I know this is your first post. This EV information section is more of a reference than a Q&A or discussion place. I'll ask admin to relocate your post so members can reply. Either it should go here http://www.diyelectriccar.com/forums/showthread.php/using-forklift-motor-and-choosing-good-7598.html or a new thread in that motors forum.

Regards,

major

ps. Let's get it in the right place and I'll respond.


----------



## major (Apr 4, 2008)

fVonk said:


> It is supposedly from a Clark forklift and 48V. I Googled the name and serial number but no information was to be had. Couldn't find any threads either. The owner only let me take this one picture, he thought I was a nutcase when he found out what the purpose was.


Hi fVonk,

Thanks for posting in the forums. Sorry about the wrong place. Lots of first-timers do that. Thanks to the admin for moving it here. Members can reply and quote (like I did to your post) when working in the forum.
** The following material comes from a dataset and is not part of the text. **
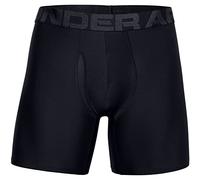 Boxer Under Armour UA Tech 6in 2 Pack 1363619-001 Taglie XS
I doubt that motor is from a Clark forklift. It has a Schabmuller nameplate (a competitor of Clark). I am unsure who makes the motor. From the nameplate info: 24 Volt, 195 Amps, 2345 RPM, 3.7 kW for one hour duty, Class F insulation, type E (vented). Appears to be European. Indication is that it is a traction (propulsion) motor. From rating I'd guess 8 to 10 inch diameter.

If the seller won't give you more info or let you take additional photos, forgetaboutit. You need to check for suitable output shaft and 4 terminals.

You probably can run it at higher voltage, like 48V, and see about twice speed and twice power. Any higher voltage than that and you risk overspeed. So unless you intend to drag race, this is not a good choice for an EVcar. Maybe an electric tractor or the like.

Read some of the posts in the sticky in this motor forum. You'll see what others have found to use from old forklifts.

Welcome,

major


----------



## fVonk (Feb 8, 2016)

Thank you very much for the reply, I'll l go forth and search for another motor then. 

I have been wading through the suggested threads trying to absorb as much as possible. The wealth of information is simply astonishing. Currently on page 40 of 101, but we'll keep plugging away 

Regards 
fVonk


----------